The [workspace](https://docs.microsoft.com/en-us/azure/machine-learning/concept-workspace) is the top-level resource for Azure Machine Learning, providing a centralized place to work with all the artifacts you create when you use Azure Machine Learning. In this section we will connect to the workspace in which the job will be run.

## 1.1 Import the required libraries

In [1]:
# Import required libraries
from azure.identity import DefaultAzureCredential, InteractiveBrowserCredential
from azure.ai.ml import load_component, Input, Output
from azure.ai.ml.dsl import pipeline
from azure.ai.ml import MLClient
from azure.ai.ml.constants import AssetTypes, InputOutputModes, InputOutputModes

import os

# enable internal components in v2
os.environ["AZURE_ML_INTERNAL_COMPONENTS_ENABLED"] = "True"
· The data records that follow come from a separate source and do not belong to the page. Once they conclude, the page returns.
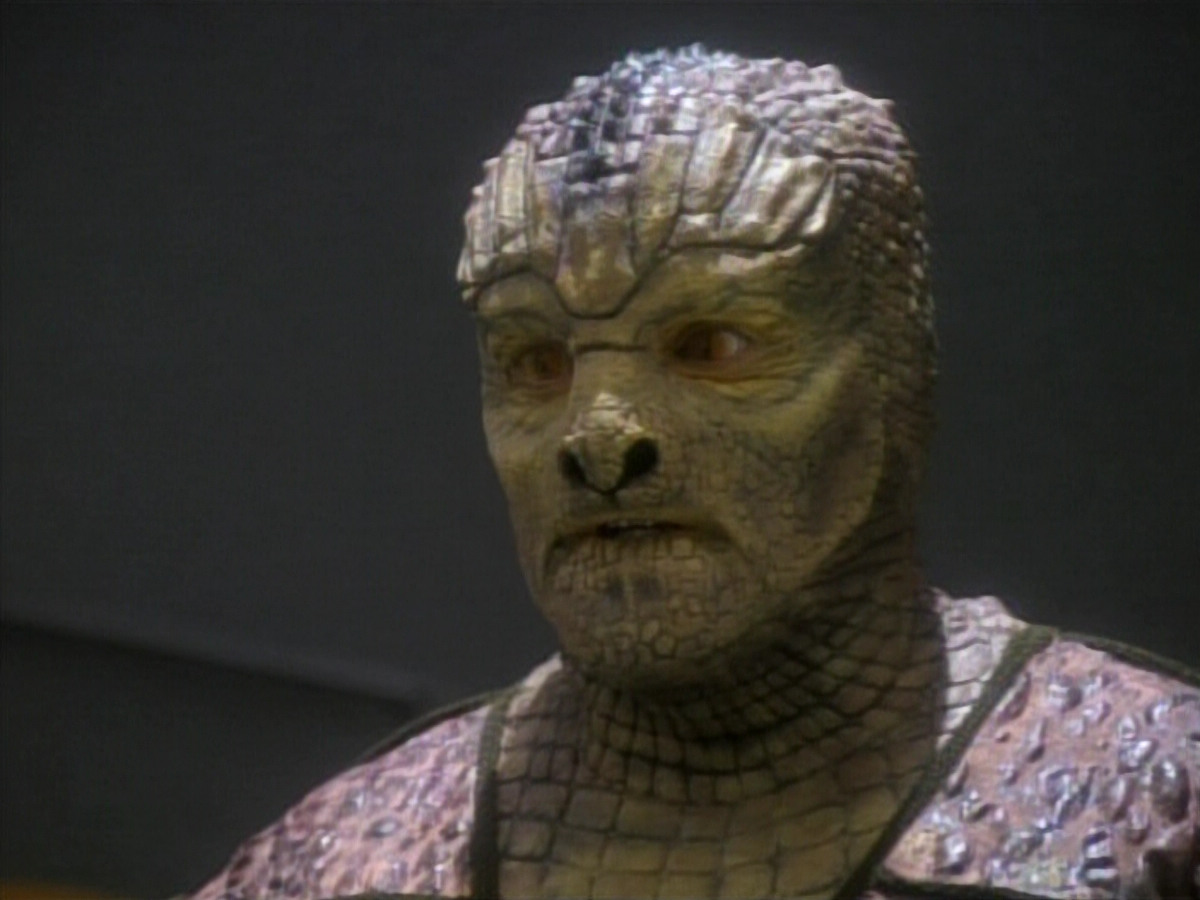 extant_StarTrekDS9_1x06-CaptivePursuitl_01972.jpg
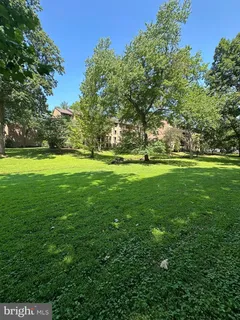 $495,000 | 5809 Edson Lane, Unit 103, North Bethesda, MD 20852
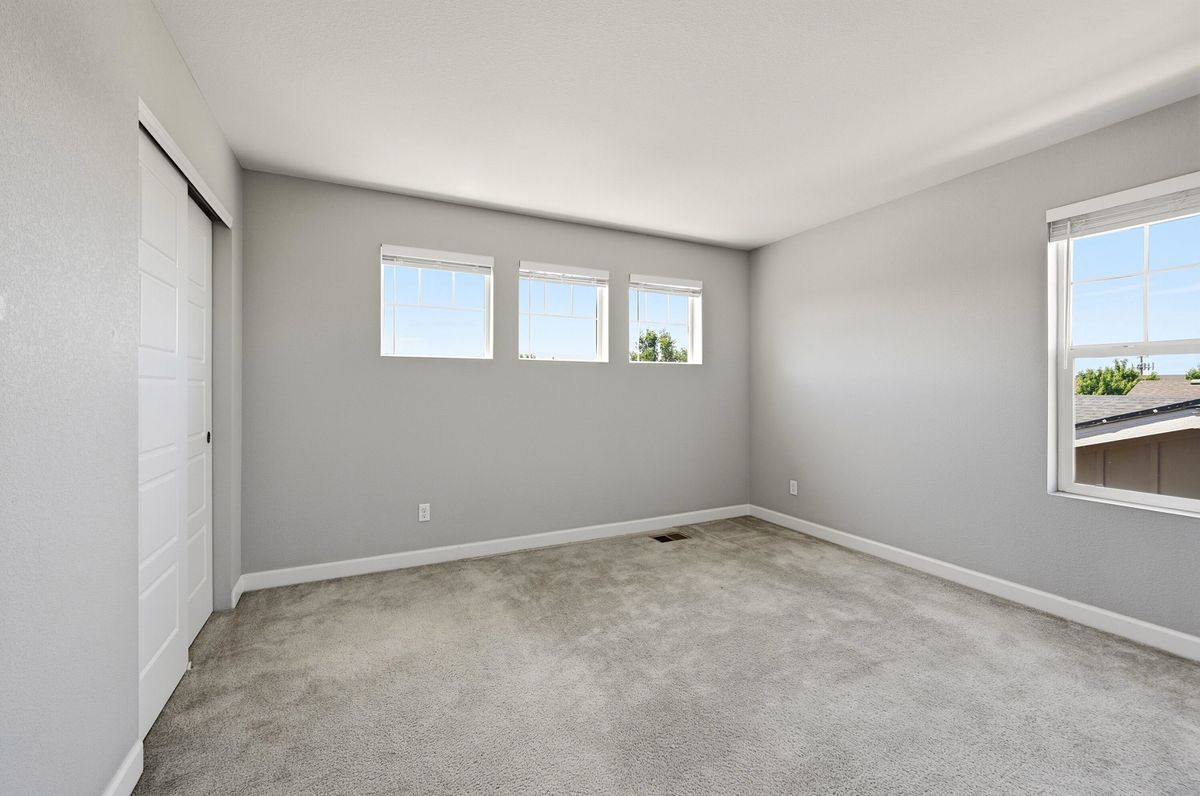 Building Photo - 4988 S Wenatchee Cir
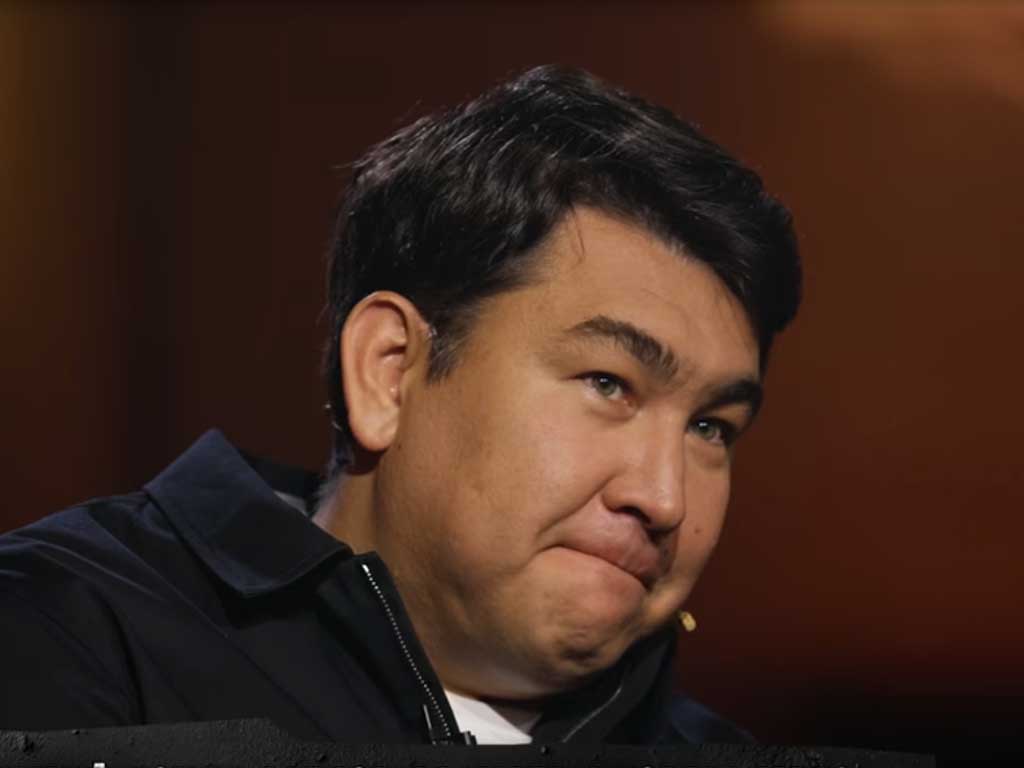 Сколько денег у Азамата Мусагалиева в 2026 году: состояние и доходы артиста Сколько денег у Азамата Мусагалиева в 2026 году: состояние и доходы артиста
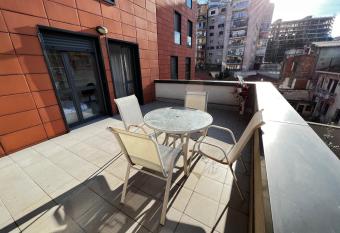 Grande Veranda 2 has Balcony rooms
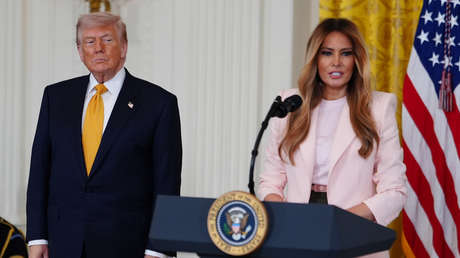 Estallan las risas cuando Melania habla sobre la "empatía" de Trump (VIDEO)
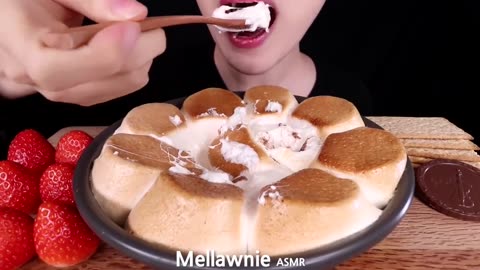 ASMR MUKBANG/NUTELLA S'MORES DIP STRAWBERRY CHOCOLATE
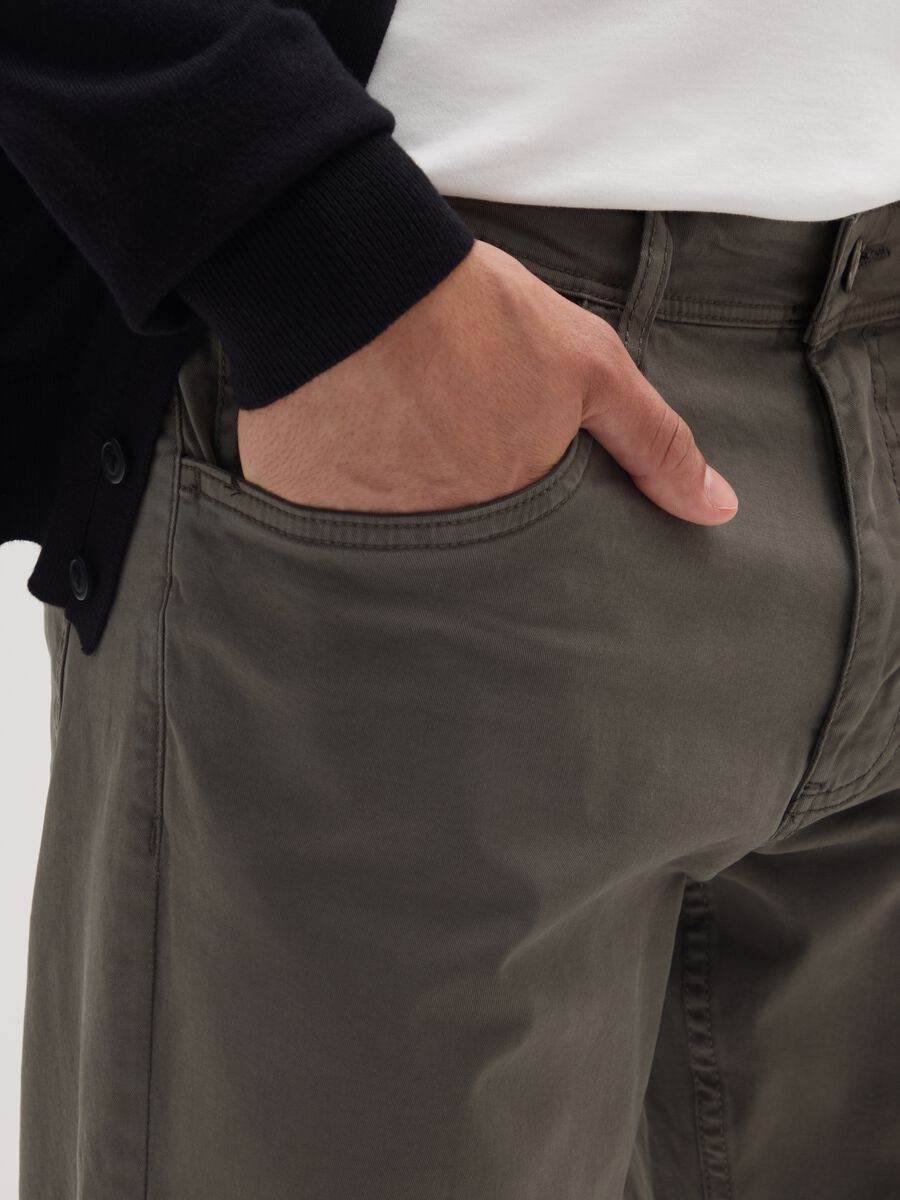 Slim Fit Green Cotton Trousers_3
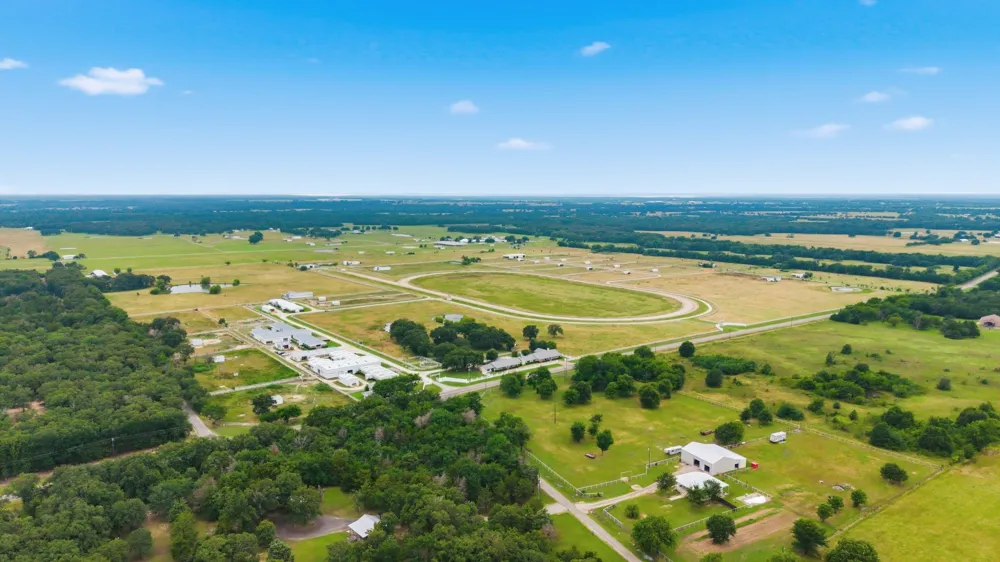 4509 Diamond D Road Lone Oak, TX 75453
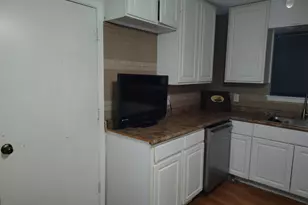 113 Beck St, Florence, TX 76527 - Photo 1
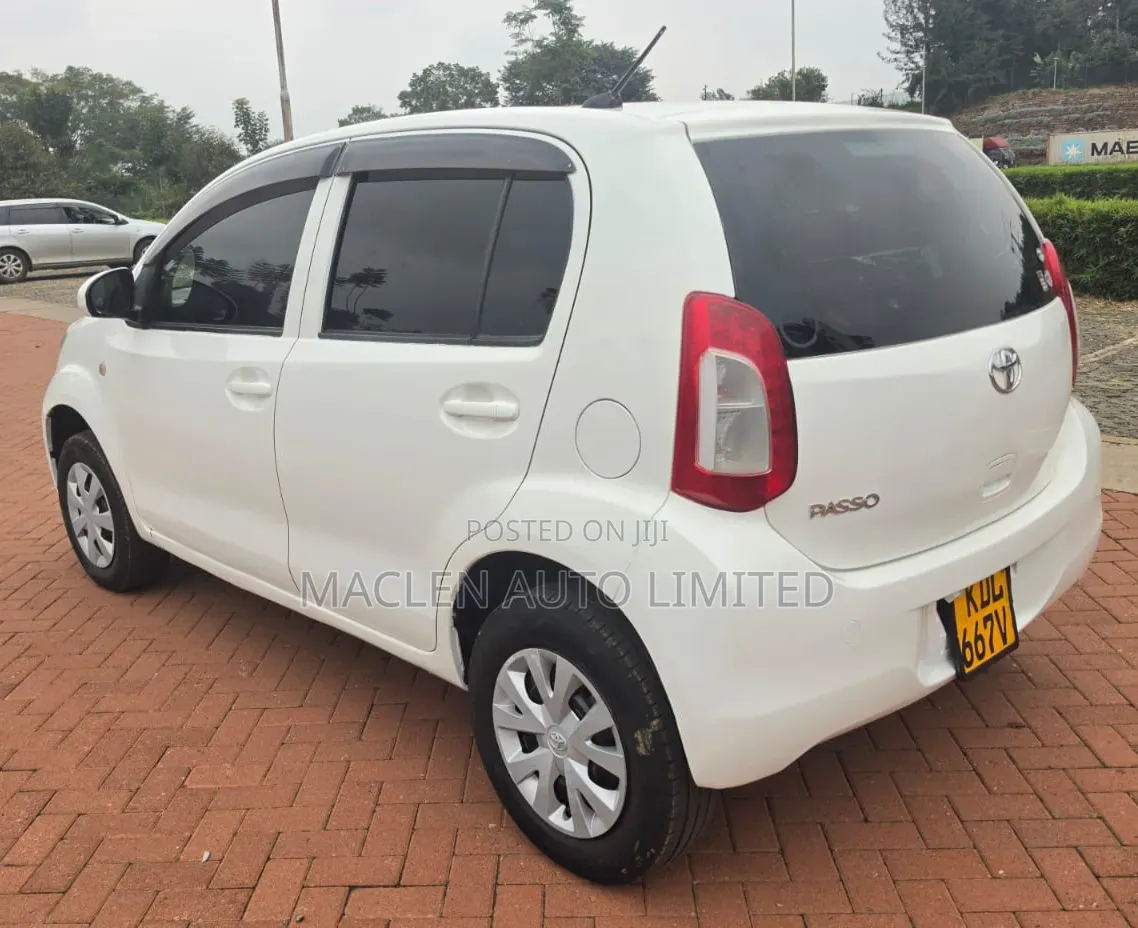 Toyota Passo 2016 White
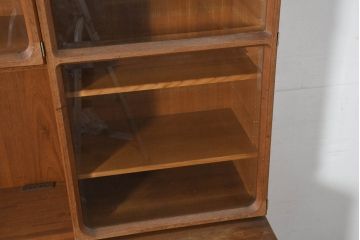 和製ビンテージ　日田工芸　チーク材　北欧風のデザインが素敵なキャビネット(収納棚、飾り棚、戸棚、本箱、本棚、店舗什器、カップボード、ヴィンテージ)(R-082661)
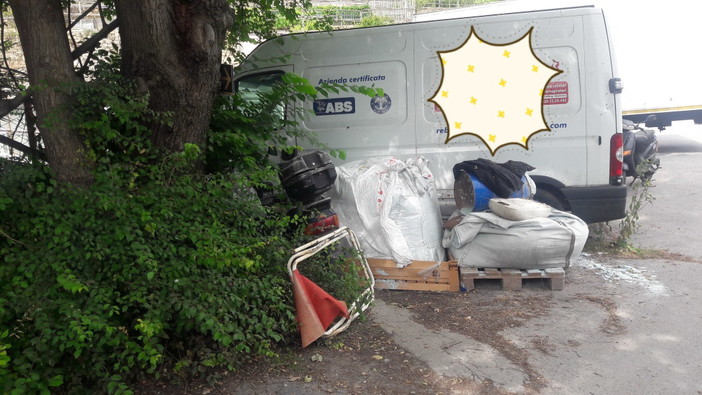 Sanremo: degrado rifiuti in strada Borgo Tinasso, la segnalazione con foto di un residente Sanremo: degrado rifiuti in strada Borgo Tinasso, la segnalazione con foto di un residente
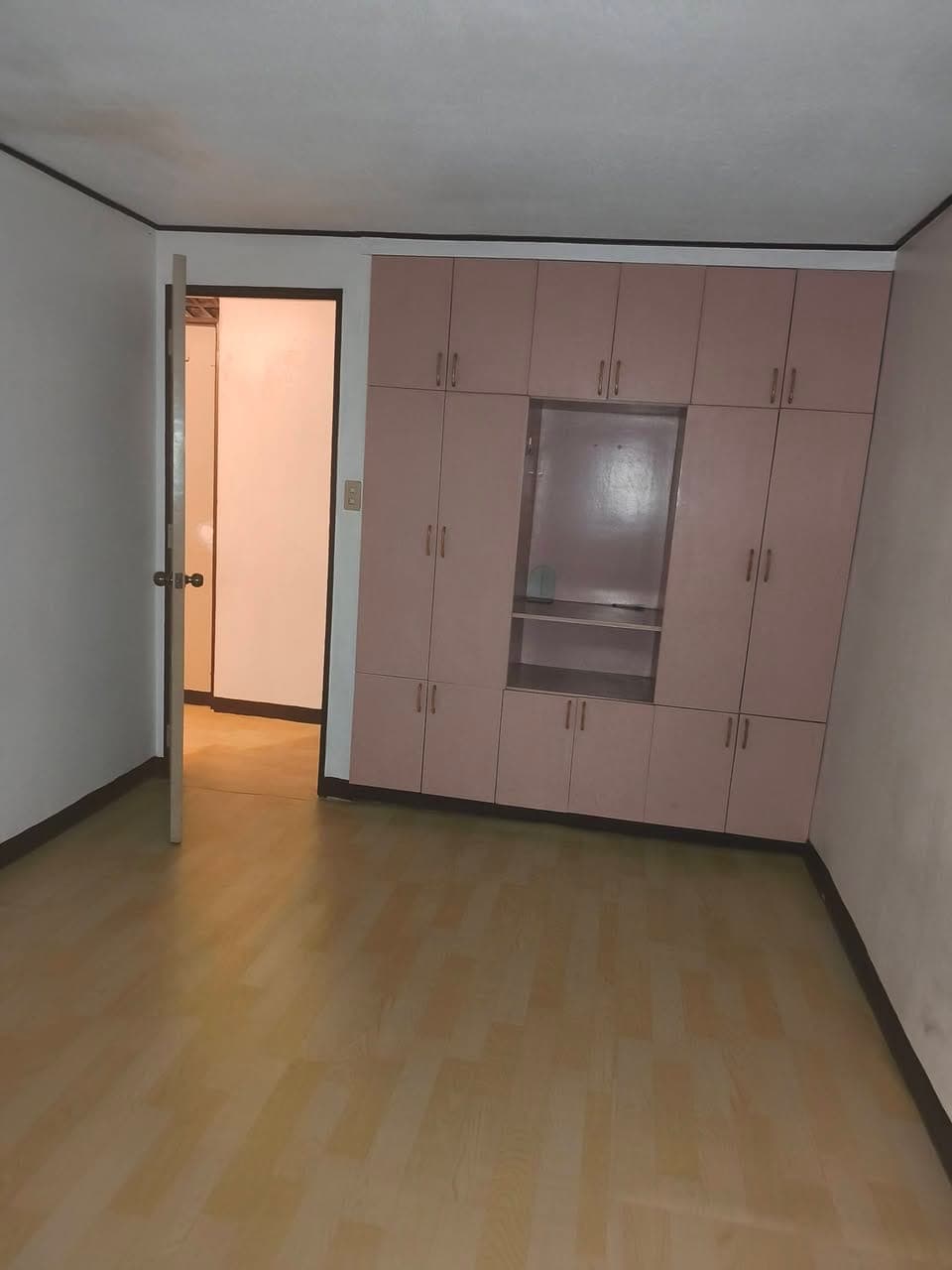 Room for Rent available - photo 1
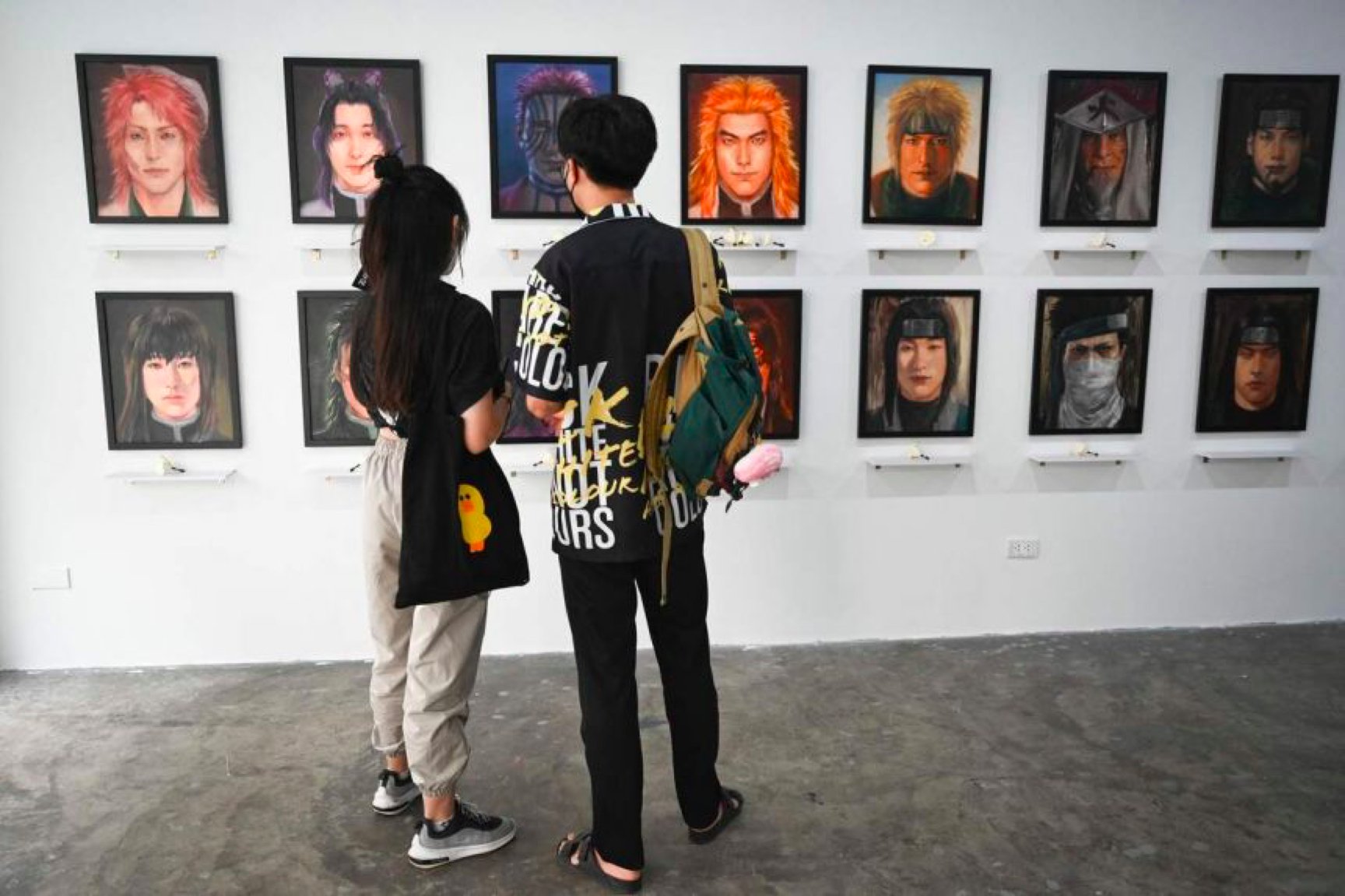 虚构|为悼念动漫人物的死亡，泰国画家举办个人画展，粉丝纷纷献花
## 1.2 Configure credential

We are using `DefaultAzureCredential` to get access to workspace. 
`DefaultAzureCredential` should be capable of handling most Azure SDK authentication scenarios. 

Reference for more available credentials if it does not work for you: [configure credential example](../../configuration.ipynb), [azure-identity reference doc](https://docs.microsoft.com/en-us/python/api/azure-identity/azure.identity?view=azure-python).

In [2]:
try:
    credential = DefaultAzureCredential()
    # Check if given credential can get token successfully.
    credential.get_token("https://management.azure.com/.default")
except Exception as ex:
    # Fall back to InteractiveBrowserCredential in case DefaultAzureCredential not work
    credential = InteractiveBrowserCredential()

## 1.3 Get a handle to the workspace

We use config file to connect to a workspace. The Azure ML workspace should be configured with computer cluster. [Check this notebook for configure a workspace](../../configuration.ipynb)

In [3]:
# Get a handle to workspace
ml_client = MLClient.from_config(credential=credential)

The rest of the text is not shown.